Гюго превзошли, но что такое великий писатель? Прежде всего — графоман в точном значении этого слова (то есть человек, который не может не писать, безотносительно к его дарованию); графоман, оставивший после себя тома сочинений. Повторим еще раз (это слово нуждается в реабилитации): графоман; и добавим: графоман самовлюбленный, безумец, прозревающий истину через слово. Всё это у Гюго находим в избытке. Риторика? Вкусовые срывы? Дикие длинноты? (Труженики моря уже сто лет выходят без первой книги романа, где речь только о природе Гернси.) Всё это есть. Но кто без греха? Вспомните, чем Война и мир завершается.

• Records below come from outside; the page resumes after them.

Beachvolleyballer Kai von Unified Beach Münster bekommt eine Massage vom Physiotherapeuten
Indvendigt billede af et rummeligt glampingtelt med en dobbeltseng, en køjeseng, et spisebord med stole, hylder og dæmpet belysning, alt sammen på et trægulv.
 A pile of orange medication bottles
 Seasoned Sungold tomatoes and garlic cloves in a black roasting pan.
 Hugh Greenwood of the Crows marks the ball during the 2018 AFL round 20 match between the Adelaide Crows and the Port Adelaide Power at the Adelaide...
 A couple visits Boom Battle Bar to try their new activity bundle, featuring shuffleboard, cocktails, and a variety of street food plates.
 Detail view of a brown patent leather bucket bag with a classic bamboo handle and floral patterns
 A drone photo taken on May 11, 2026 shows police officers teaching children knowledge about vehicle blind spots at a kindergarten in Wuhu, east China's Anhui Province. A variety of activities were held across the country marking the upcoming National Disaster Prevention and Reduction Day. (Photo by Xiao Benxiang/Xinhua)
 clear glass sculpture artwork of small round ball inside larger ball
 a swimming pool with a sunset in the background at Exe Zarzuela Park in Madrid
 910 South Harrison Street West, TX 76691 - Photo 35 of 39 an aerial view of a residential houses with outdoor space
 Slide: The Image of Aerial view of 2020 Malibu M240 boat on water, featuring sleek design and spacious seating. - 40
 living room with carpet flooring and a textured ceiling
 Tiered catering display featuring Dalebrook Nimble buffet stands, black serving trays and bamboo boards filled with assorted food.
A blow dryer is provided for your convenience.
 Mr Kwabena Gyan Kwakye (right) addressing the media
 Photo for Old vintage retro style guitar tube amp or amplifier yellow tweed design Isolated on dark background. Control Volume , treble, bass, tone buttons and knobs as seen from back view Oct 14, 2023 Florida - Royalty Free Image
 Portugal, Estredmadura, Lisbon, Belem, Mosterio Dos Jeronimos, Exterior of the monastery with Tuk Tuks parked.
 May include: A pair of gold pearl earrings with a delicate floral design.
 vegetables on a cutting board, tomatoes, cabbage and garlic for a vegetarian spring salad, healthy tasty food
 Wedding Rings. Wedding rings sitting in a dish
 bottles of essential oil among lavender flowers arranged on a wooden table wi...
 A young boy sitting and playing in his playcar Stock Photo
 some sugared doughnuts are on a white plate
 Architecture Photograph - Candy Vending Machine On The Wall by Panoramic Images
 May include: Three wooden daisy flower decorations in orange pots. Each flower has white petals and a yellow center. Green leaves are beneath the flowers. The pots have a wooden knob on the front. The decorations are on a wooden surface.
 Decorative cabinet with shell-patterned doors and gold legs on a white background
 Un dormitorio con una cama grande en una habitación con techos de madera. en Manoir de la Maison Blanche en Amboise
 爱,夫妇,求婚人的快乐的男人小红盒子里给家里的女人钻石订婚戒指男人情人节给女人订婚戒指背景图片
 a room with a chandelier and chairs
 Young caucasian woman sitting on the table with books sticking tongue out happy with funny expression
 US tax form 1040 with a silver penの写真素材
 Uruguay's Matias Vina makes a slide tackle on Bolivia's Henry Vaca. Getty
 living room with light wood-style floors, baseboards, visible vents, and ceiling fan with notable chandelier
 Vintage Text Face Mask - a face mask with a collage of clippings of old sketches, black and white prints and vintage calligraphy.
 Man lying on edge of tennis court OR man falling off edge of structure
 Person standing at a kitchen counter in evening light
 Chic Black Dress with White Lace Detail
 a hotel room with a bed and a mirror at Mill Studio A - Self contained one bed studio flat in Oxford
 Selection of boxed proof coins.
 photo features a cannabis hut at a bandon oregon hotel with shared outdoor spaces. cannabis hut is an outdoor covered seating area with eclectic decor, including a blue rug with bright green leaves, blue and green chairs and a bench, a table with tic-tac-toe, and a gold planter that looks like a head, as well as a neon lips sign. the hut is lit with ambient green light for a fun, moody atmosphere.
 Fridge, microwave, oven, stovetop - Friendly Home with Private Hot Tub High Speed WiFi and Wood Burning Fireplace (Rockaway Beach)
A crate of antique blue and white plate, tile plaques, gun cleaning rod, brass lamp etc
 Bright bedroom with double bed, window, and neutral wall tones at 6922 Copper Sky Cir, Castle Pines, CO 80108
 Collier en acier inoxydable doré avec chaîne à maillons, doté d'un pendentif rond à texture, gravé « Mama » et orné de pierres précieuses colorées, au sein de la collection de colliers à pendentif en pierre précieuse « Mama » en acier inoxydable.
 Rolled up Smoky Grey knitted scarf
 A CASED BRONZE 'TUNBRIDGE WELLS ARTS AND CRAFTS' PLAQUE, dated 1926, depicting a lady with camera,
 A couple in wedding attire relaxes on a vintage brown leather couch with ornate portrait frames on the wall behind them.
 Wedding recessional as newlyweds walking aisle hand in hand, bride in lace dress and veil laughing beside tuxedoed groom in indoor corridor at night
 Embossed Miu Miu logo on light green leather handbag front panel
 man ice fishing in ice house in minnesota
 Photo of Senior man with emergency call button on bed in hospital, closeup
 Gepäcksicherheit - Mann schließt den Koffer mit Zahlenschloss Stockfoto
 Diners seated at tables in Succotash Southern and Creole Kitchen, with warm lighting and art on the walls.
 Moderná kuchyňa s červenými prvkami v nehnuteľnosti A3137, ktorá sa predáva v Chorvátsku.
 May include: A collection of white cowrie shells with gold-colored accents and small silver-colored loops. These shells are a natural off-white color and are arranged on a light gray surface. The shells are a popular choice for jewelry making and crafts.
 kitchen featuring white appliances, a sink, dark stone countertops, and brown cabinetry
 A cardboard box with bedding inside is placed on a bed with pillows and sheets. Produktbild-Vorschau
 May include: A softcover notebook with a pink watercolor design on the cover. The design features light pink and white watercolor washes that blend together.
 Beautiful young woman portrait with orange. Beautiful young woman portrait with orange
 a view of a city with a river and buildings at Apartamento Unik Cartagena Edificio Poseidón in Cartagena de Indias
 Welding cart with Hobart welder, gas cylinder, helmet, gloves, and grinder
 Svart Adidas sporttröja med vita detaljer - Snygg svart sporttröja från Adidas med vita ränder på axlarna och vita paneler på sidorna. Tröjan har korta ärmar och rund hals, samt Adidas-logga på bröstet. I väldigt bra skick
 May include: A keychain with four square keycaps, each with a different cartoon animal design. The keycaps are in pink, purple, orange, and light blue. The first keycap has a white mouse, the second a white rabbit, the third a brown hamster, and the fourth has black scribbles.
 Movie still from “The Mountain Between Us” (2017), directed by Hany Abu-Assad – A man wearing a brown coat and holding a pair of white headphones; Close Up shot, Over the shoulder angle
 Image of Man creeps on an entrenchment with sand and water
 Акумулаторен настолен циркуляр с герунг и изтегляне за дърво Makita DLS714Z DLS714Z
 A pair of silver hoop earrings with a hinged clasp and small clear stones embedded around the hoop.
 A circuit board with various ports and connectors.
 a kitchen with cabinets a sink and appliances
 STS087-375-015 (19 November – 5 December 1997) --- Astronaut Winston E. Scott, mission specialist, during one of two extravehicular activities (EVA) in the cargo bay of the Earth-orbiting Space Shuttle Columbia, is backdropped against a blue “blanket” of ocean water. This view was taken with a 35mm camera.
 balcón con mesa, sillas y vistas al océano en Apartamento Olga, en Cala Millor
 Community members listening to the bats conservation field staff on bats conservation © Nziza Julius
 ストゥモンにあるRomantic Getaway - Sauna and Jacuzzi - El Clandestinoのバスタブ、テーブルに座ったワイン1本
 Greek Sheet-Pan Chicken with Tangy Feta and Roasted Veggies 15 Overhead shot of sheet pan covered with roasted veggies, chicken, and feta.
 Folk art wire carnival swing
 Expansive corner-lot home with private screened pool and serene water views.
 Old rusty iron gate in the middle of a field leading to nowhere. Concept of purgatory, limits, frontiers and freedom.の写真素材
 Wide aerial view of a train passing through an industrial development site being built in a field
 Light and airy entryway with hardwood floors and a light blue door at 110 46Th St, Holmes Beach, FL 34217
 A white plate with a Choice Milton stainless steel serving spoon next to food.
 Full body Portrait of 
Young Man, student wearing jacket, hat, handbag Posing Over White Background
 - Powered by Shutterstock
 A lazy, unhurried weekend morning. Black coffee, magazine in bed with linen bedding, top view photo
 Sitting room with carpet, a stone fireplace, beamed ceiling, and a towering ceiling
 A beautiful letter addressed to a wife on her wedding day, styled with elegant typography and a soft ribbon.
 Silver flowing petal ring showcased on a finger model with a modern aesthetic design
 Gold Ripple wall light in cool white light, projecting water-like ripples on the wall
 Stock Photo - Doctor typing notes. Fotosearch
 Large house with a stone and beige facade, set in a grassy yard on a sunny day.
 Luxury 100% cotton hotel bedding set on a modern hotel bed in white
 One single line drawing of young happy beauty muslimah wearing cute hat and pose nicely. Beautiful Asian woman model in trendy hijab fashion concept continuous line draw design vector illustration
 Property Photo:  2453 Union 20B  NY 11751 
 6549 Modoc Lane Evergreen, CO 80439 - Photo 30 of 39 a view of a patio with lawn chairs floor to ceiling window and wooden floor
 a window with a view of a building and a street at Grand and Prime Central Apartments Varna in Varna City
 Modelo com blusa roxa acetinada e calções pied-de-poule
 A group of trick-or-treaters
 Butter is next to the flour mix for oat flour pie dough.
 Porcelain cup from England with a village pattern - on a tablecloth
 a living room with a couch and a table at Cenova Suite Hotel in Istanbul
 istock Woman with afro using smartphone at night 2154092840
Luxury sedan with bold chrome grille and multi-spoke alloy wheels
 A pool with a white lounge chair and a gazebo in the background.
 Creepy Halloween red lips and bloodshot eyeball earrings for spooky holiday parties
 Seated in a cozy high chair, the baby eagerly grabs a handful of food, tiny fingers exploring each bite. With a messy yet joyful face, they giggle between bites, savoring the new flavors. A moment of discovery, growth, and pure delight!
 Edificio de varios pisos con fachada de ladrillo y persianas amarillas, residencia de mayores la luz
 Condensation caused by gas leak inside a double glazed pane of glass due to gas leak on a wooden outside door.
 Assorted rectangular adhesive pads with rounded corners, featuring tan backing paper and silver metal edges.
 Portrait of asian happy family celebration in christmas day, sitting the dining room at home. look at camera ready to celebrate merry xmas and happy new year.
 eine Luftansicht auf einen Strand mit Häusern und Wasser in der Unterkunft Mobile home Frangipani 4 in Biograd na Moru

Был Гюго и позёр, как сказано, но как без этого? Француз. Любил гордый жест, эффектную позу. «Когда, о Франция, надежда новой жизни горит во мгле, позволь изгнаннику почить в своей отчизне, в твоей земле!» Гюго не народничал. Пахать бы не стал. В 1870 году он вернулся из своего изгнания (в сущности, добровольного) в революционный Париж; вернулся как раз вовремя: там Парижская коммуна задыхалась. Подъезжая к перрону, седовласый академик высунулся из вагонного окна и пропел по-петушиному:
— Vive la France!
Никто не узнал Чёрного Стрелка. Два-три человека оглянулись, посмотрели на потешного старика, как на безумца. Остальным не до того было.
Гюго дожил до позора Франции, до Вердена. Как он вынес это?! Не потому ли только, что его, академика и поэта, пророчество сбылось с неправдоподобной точностью, что пигмей оказался пигмеем перед всем миром? Мальчишкой Гюго видел и на всю жизнь полюбил другую Францию, перед армией которой трепетала вся Европа (особенно перед конницей), затем — видел казаков на улицах Парижа. Стариком — видел новое, совсем уже неслыханное унижение родины. Но он, конечно, не поверил бы, что Франция надолго, если не навсегда, перестала быть грозной военной силой (без чего в ту пору величие не мыслилось), что французы утратили свою прославленную многовековую воинственность, унаследованную еще от галлов. Не дожил Гюго, конечно, и до второго Вердена (не позорного, только страшного), не дожил до Виши. Как тут не воскликнуть: это счастье, что будущее родины от нас скрыто! Воскресни сейчас Пушкин, он бы сегодняшнюю Россию своею не признал; от ужаса и стыда тотчас бы обратно в гроб прыгнул и крышкой хлопнул.
Пророком Гюго не был, но ещё одну вещь предсказал: Соединенные штаты Европы. Столицей этой державы, писал он (как о чем-то само собою разумеющемся), будет Париж. Брюсселя, столицы новоявленной Бельгии, патриарх в упор не видел, как и эльзасского (немецкого!) Страсбурга. Унижения французского языка тоже вообразить себе не мог. Даже в кошмарном сне не мог бы увидеть, что убогий темзинский диалект станет мировым языком, оттеснив на обочину истории благозвучный и стройный язык его сочинений.